## DATA IN THIS EXERCISE:
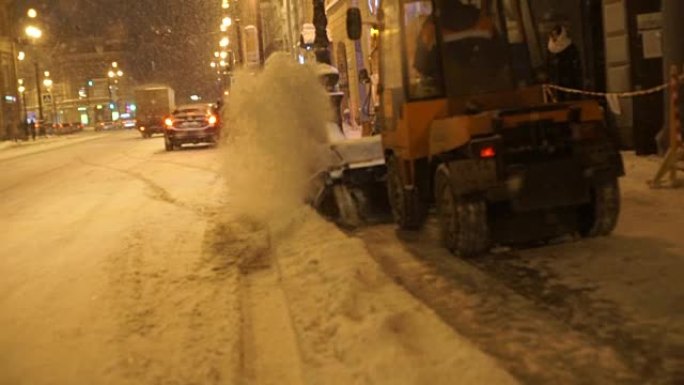 冬季大雪中夜间沿街道行驶的人和汽车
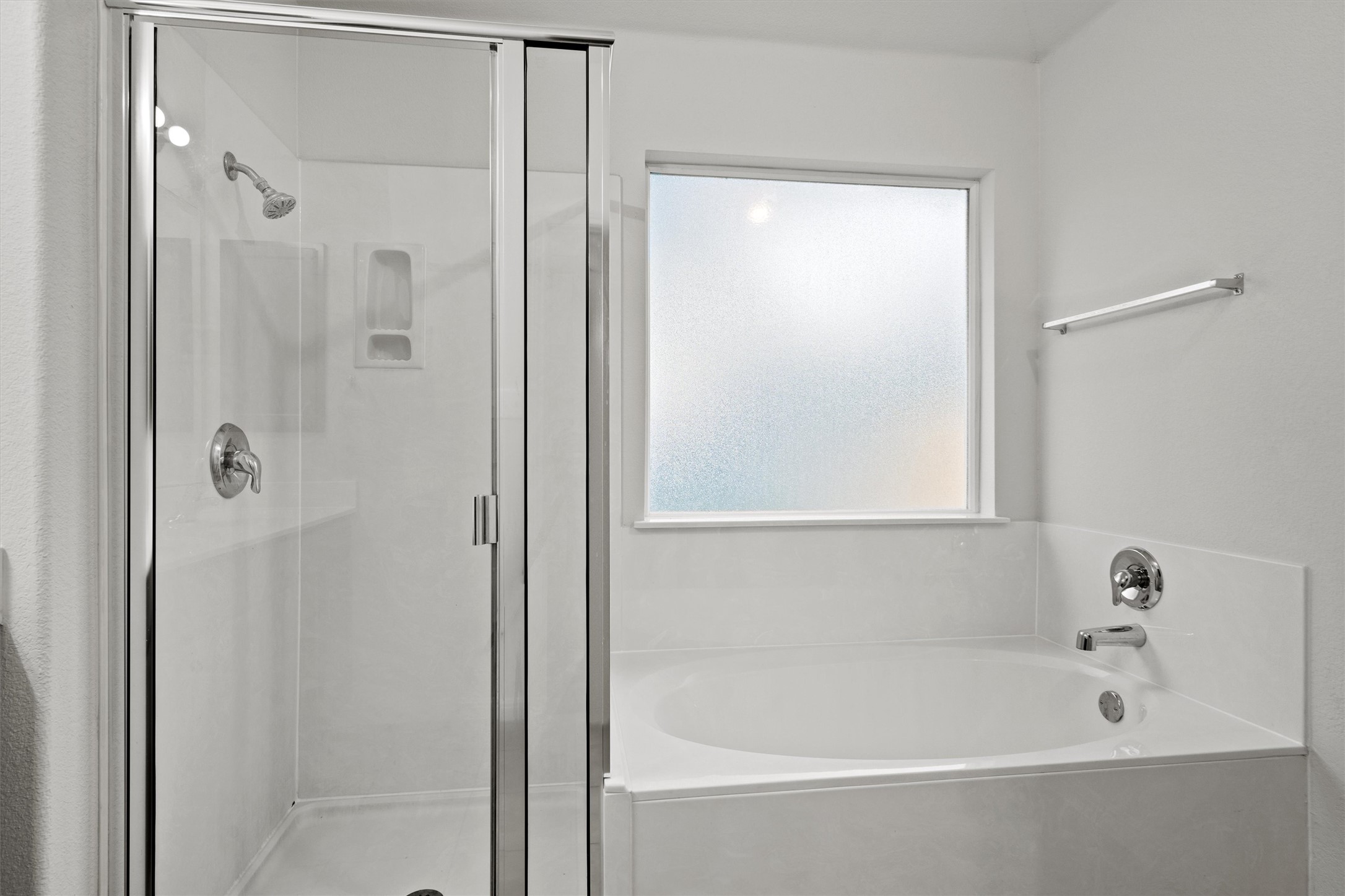 1612 Musket Valley Trail Austin, TX 78754 - Photo 22 of 34 a white bath tub sitting next to a shower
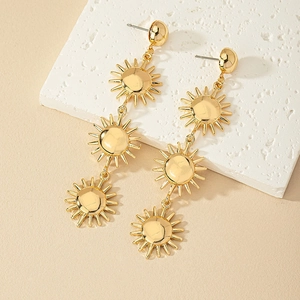 Detail of layered sunburst drop earrings in polished gold finish on a textured background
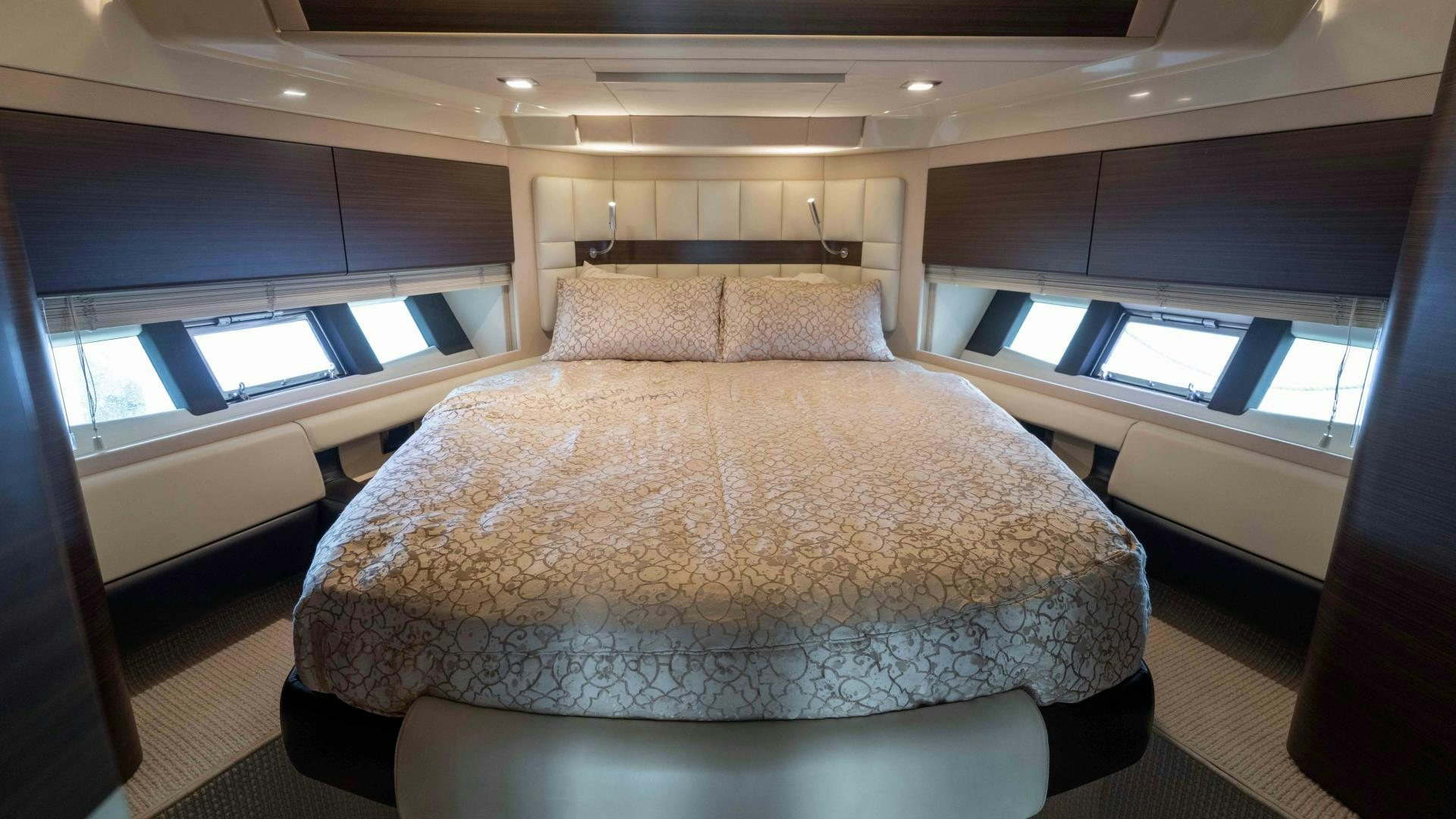a bed in a room aboard 4-PLAY Yacht for Sale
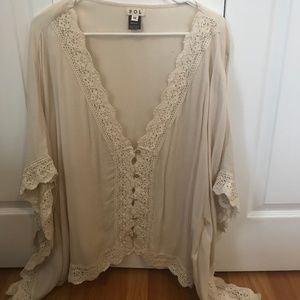 Cream colored spring sweater from local boutique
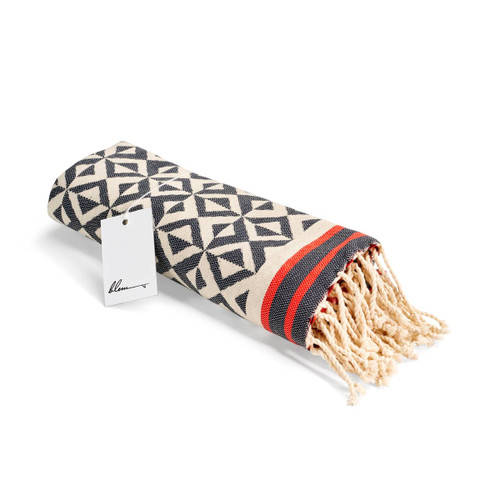 A rolled beach towel featuring a geometric pattern in black, cream, and red, complete with tassels and a tag. A rolled beach towel featuring a geometric pattern in black, cream, and red, complete with tassels and a tag.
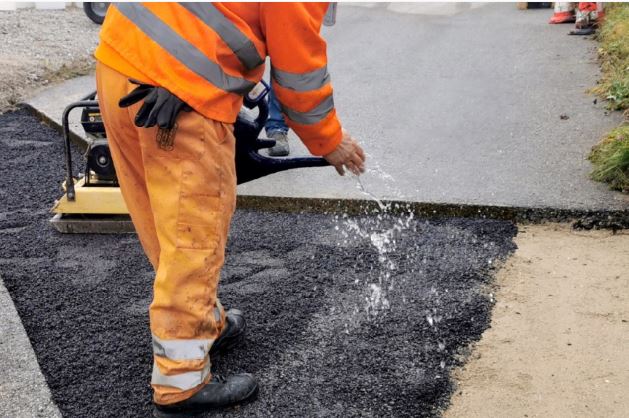Arbeiter gießt Wasser auf frischen Asphalt während der Verarbeitung, um die Qualität zu verbessern. Sicherheitskleidung und Ausrüstung sind sichtbar.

## WHAT YOU NEED TO DO:
Every line above goes into the copy unchanged; the pictures do not.

## SOLUTION FOR THIS TASK:
 冬季大雪中夜间沿街道行驶的人和汽车
 1612 Musket Valley Trail Austin, TX 78754 - Photo 22 of 34 a white bath tub sitting next to a shower
 Detail of layered sunburst drop earrings in polished gold finish on a textured background
a bed in a room aboard 4-PLAY Yacht for Sale
 Cream colored spring sweater from local boutique
 A rolled beach towel featuring a geometric pattern in black, cream, and red, complete with tassels and a tag. A rolled beach towel featuring a geometric pattern in black, cream, and red, complete with tassels and a tag.
Arbeiter gießt Wasser auf frischen Asphalt während der Verarbeitung, um die Qualität zu verbessern. Sicherheitskleidung und Ausrüstung sind sichtbar.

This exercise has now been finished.